**Instructions for the task**
Set down, exactly as written, the line containing "Piatra bruta din" and all the lines that follow it to the end of the entries below, omitting every picture.

(Collection entries)
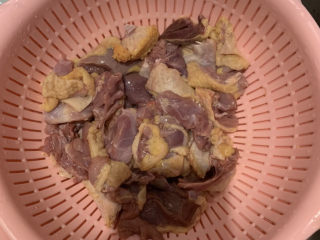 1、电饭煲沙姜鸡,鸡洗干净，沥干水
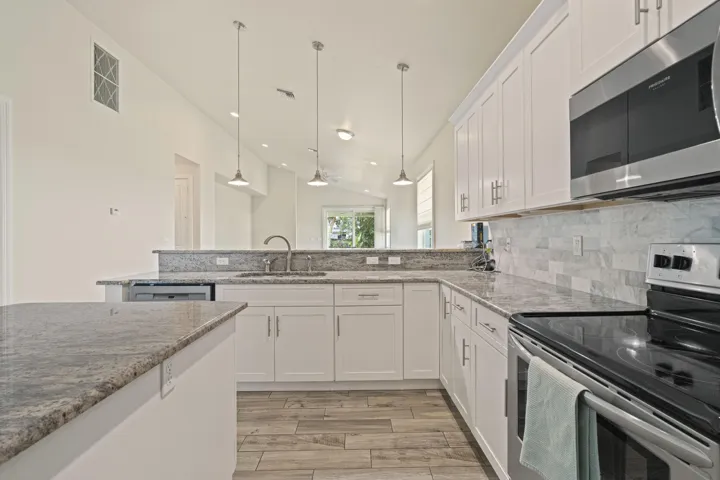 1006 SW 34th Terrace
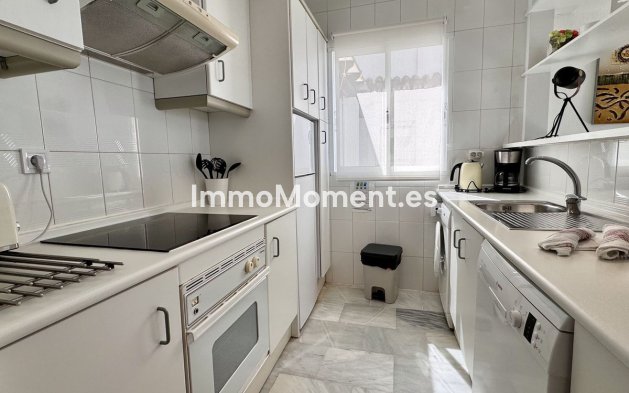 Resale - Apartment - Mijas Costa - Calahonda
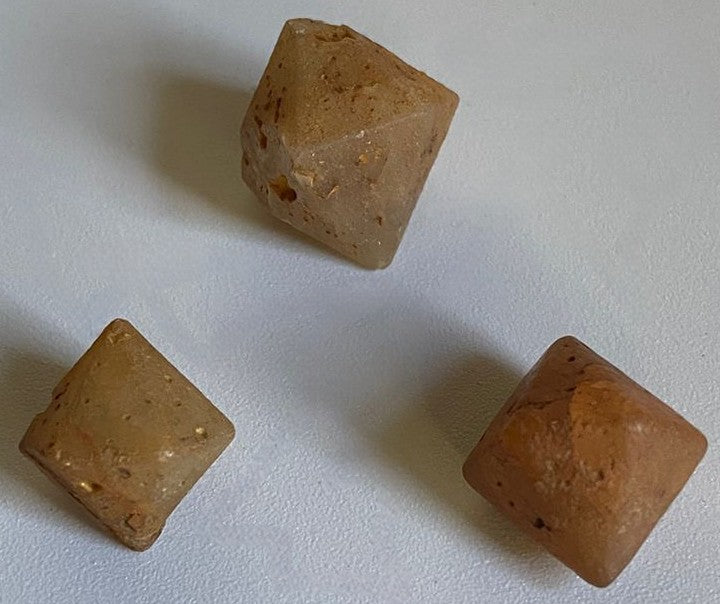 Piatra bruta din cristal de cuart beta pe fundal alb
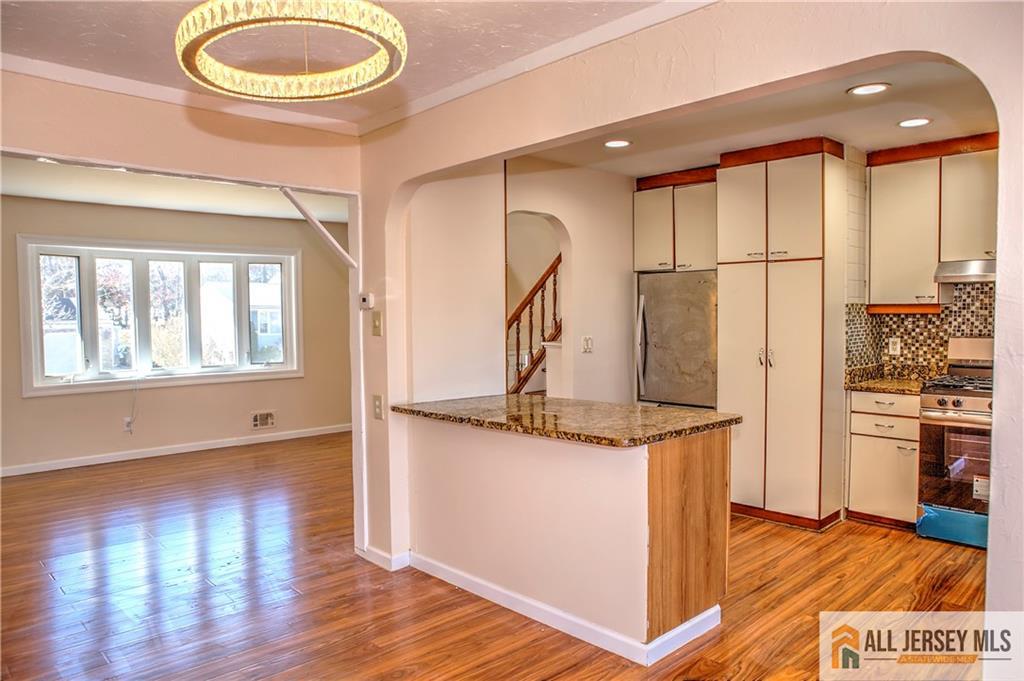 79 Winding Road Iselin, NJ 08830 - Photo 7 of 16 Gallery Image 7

**Solved problem**
 Piatra bruta din cristal de cuart beta pe fundal alb
 79 Winding Road Iselin, NJ 08830 - Photo 7 of 16 Gallery Image 7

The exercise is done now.